*** Extracted entries ***

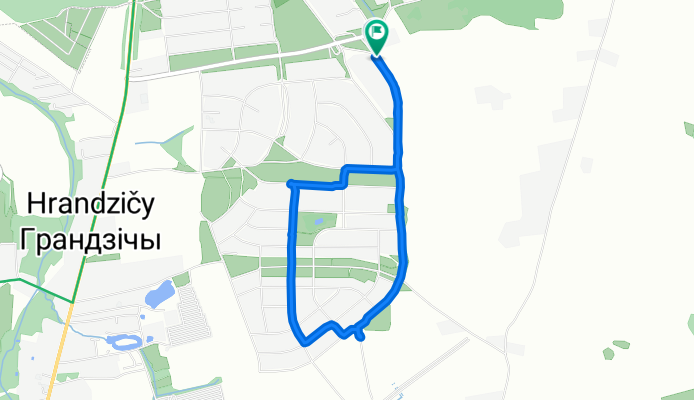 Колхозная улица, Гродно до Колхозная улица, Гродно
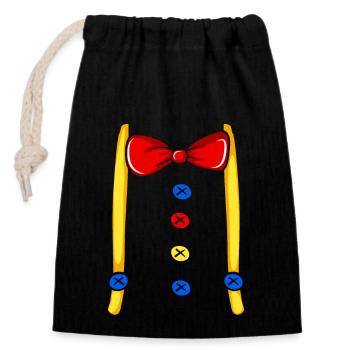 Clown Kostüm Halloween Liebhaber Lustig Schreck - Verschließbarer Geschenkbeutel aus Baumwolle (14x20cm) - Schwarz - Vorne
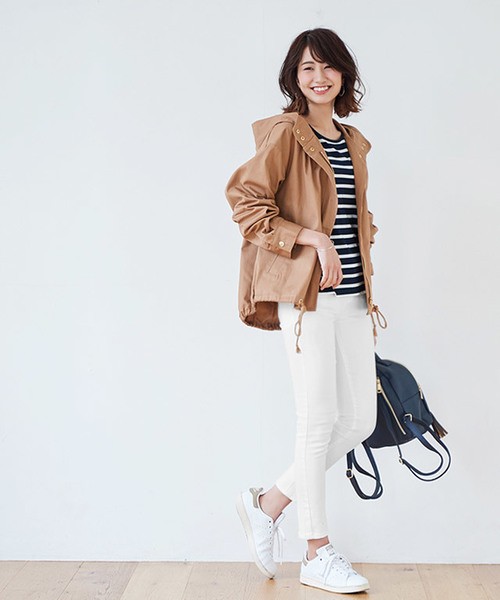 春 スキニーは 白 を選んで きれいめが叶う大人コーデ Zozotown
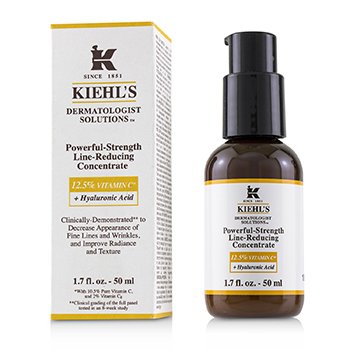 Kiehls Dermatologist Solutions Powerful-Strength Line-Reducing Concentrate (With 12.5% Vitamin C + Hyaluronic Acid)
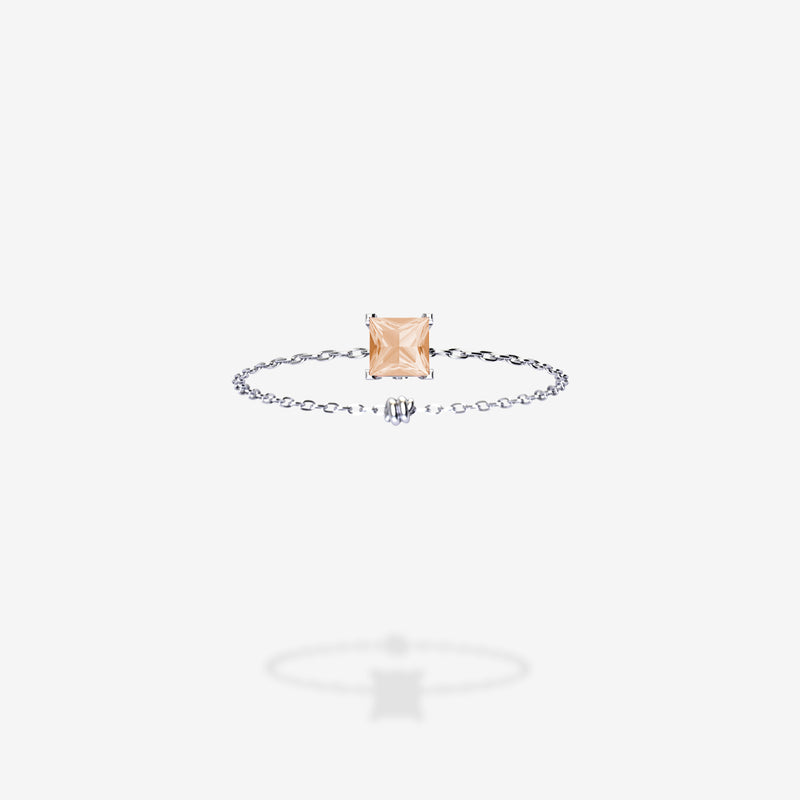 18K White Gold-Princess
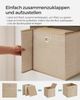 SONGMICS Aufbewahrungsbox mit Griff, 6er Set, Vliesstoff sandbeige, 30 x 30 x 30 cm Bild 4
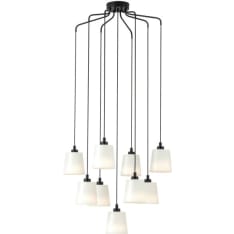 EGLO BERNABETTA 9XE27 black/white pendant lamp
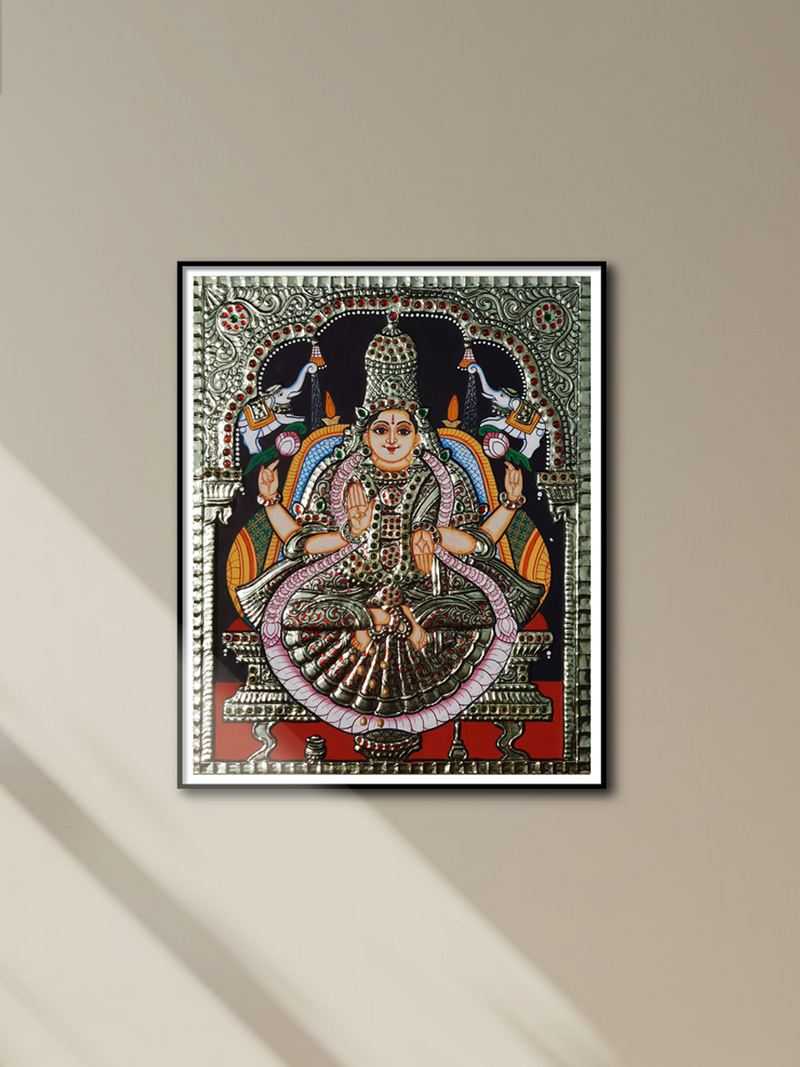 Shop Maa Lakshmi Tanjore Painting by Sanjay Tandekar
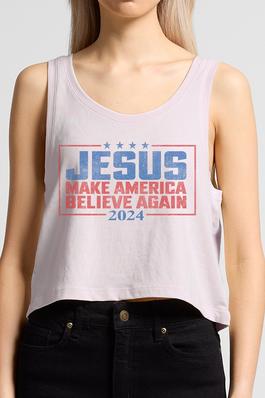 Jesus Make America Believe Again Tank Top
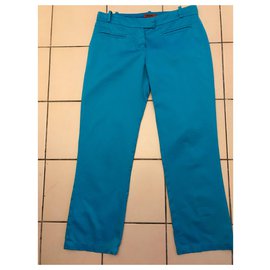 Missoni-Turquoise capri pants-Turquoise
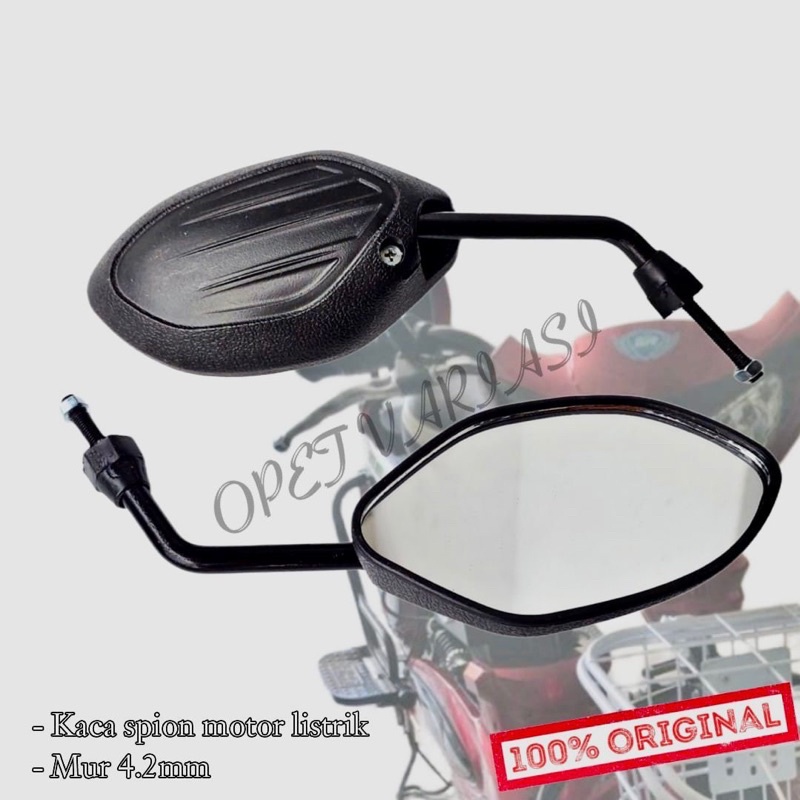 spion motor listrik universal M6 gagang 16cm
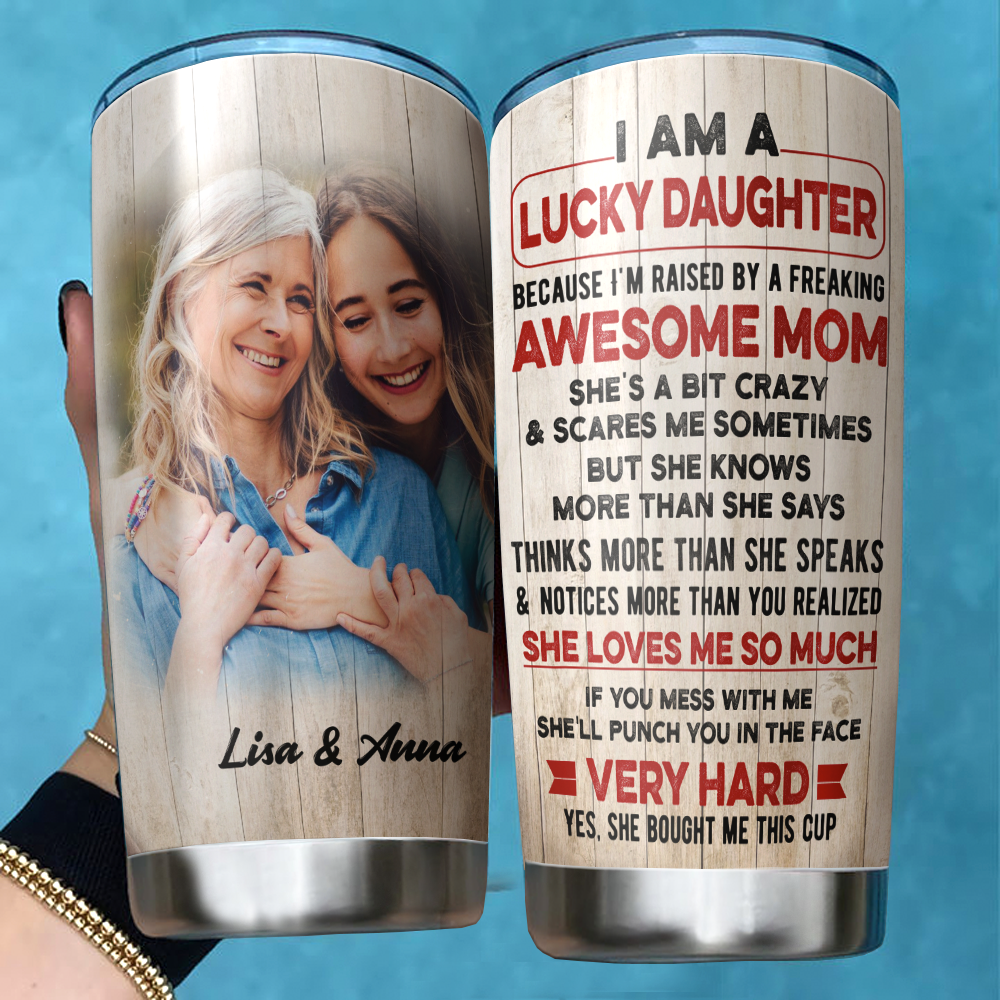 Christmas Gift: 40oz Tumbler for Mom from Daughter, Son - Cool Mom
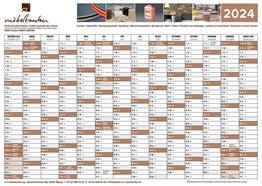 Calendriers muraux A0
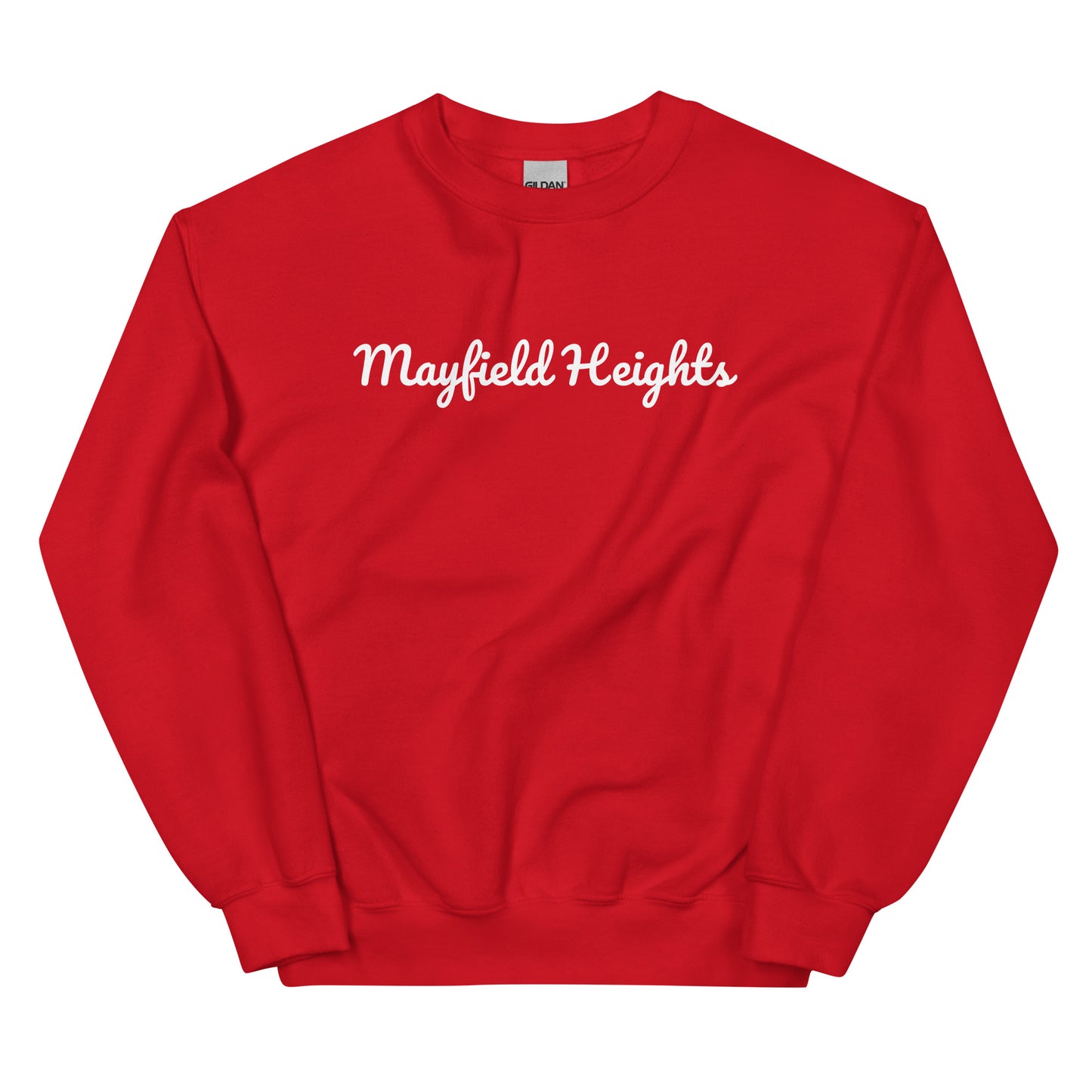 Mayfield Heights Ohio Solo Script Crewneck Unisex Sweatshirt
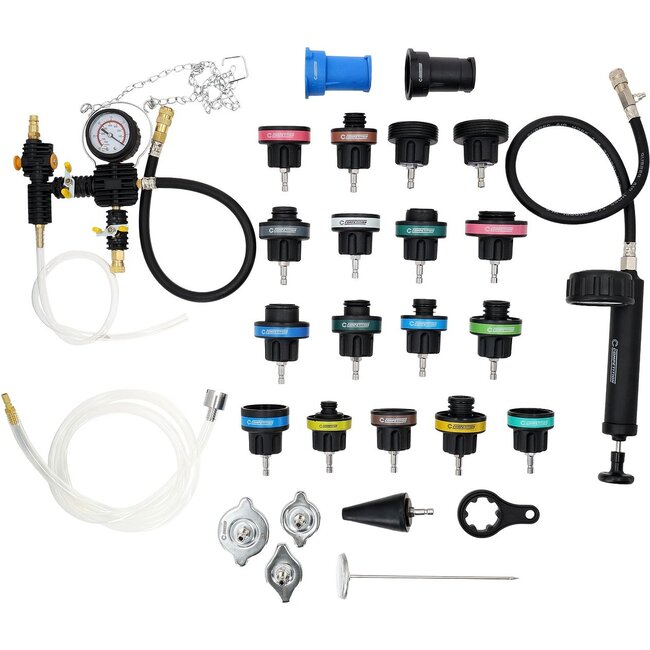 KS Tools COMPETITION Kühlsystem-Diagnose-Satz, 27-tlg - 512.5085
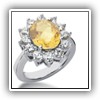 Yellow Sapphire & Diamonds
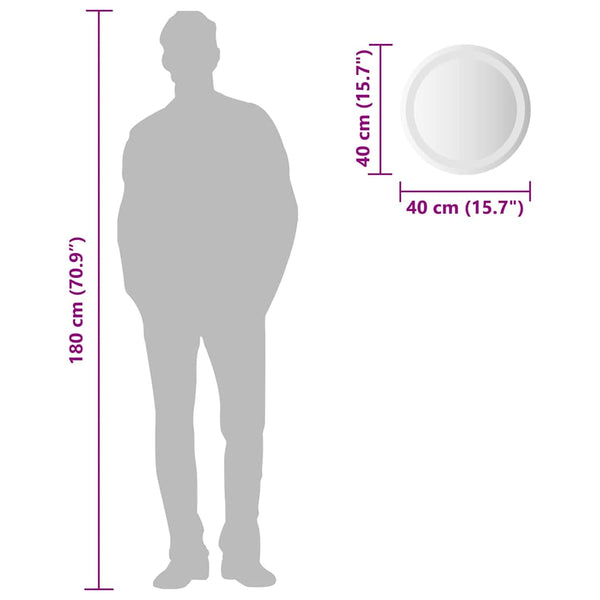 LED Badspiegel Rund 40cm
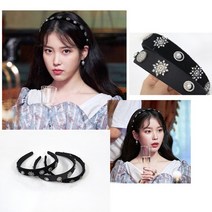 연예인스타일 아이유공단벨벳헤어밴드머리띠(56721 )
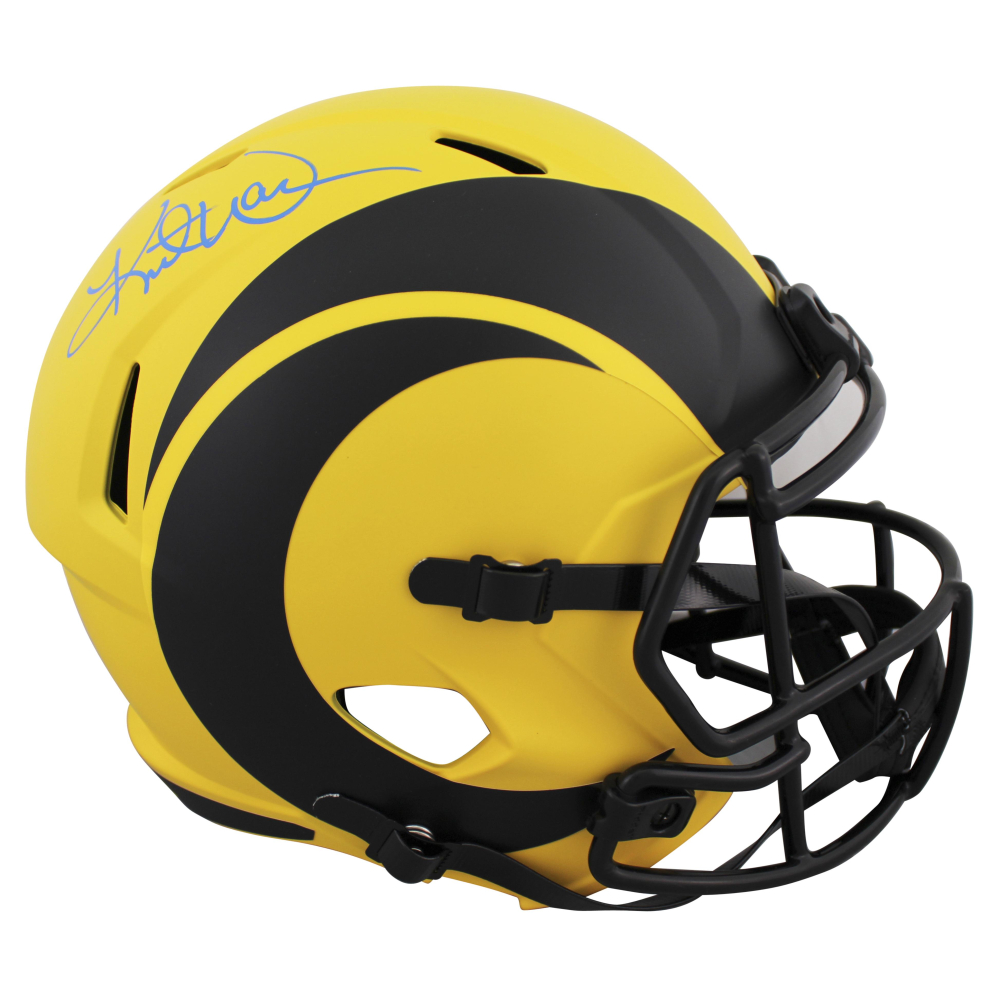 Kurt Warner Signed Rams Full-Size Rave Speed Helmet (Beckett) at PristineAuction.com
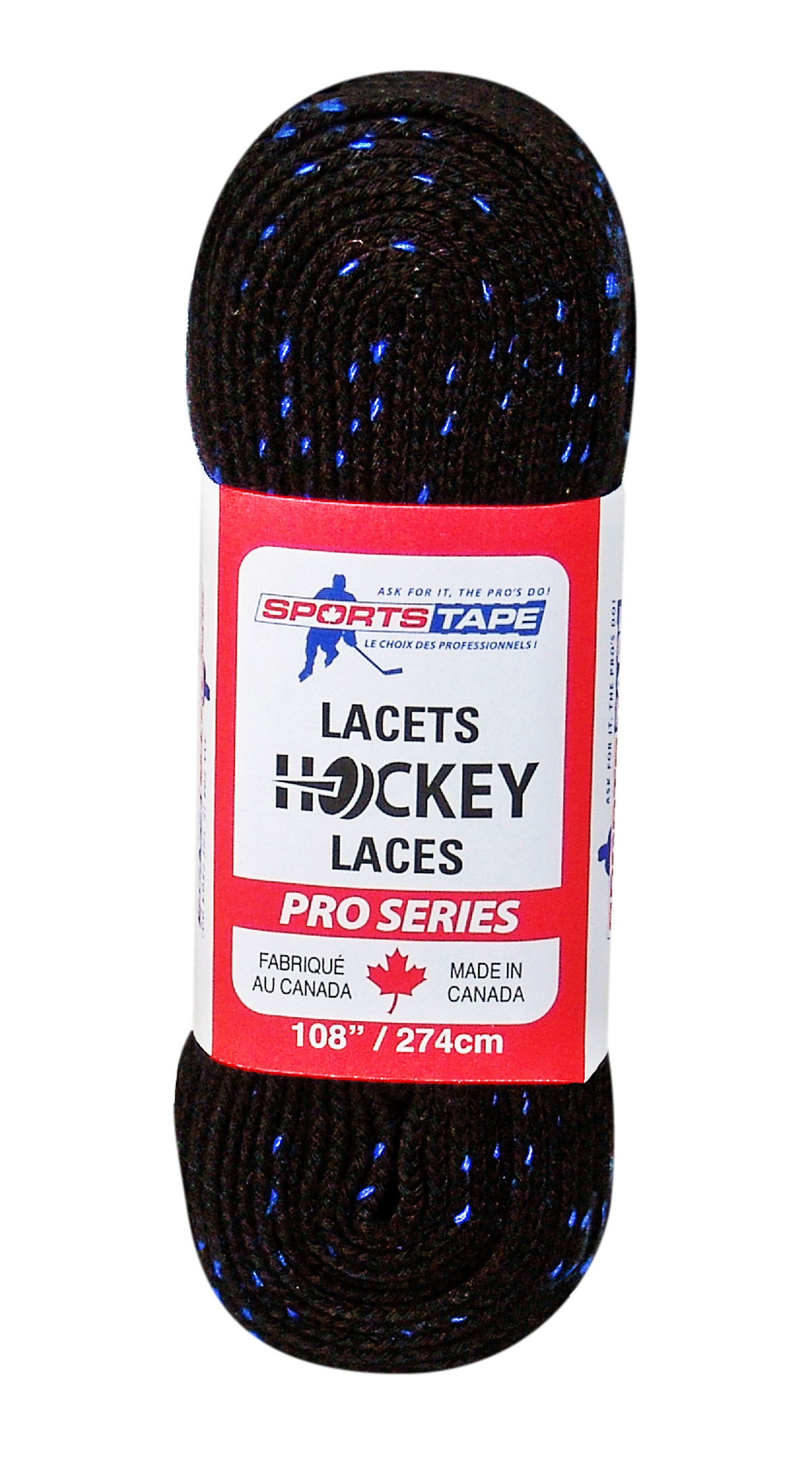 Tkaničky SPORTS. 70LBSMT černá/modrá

*** End of Extracted entries ***

Your task is a word-for-word transcription of the entries, leaving out all pictures.

 Колхозная улица, Гродно до Колхозная улица, Гродно
 Clown Kostüm Halloween Liebhaber Lustig Schreck - Verschließbarer Geschenkbeutel aus Baumwolle (14x20cm) - Schwarz - Vorne
 春 スキニーは 白 を選んで きれいめが叶う大人コーデ Zozotown
 Kiehls Dermatologist Solutions Powerful-Strength Line-Reducing Concentrate (With 12.5% Vitamin C + Hyaluronic Acid)
 18K White Gold-Princess
 SONGMICS Aufbewahrungsbox mit Griff, 6er Set, Vliesstoff sandbeige, 30 x 30 x 30 cm Bild 4
 EGLO BERNABETTA 9XE27 black/white pendant lamp
 Shop Maa Lakshmi Tanjore Painting by Sanjay Tandekar
 Jesus Make America Believe Again Tank Top
 Missoni-Turquoise capri pants-Turquoise
 spion motor listrik universal M6 gagang 16cm
 Christmas Gift: 40oz Tumbler for Mom from Daughter, Son - Cool Mom
 Calendriers muraux A0
 Mayfield Heights Ohio Solo Script Crewneck Unisex Sweatshirt
 KS Tools COMPETITION Kühlsystem-Diagnose-Satz, 27-tlg - 512.5085
 Yellow Sapphire & Diamonds
 LED Badspiegel Rund 40cm
 연예인스타일 아이유공단벨벳헤어밴드머리띠(56721 )
 Kurt Warner Signed Rams Full-Size Rave Speed Helmet (Beckett) at PristineAuction.com
 Tkaničky SPORTS. 70LBSMT černá/modrá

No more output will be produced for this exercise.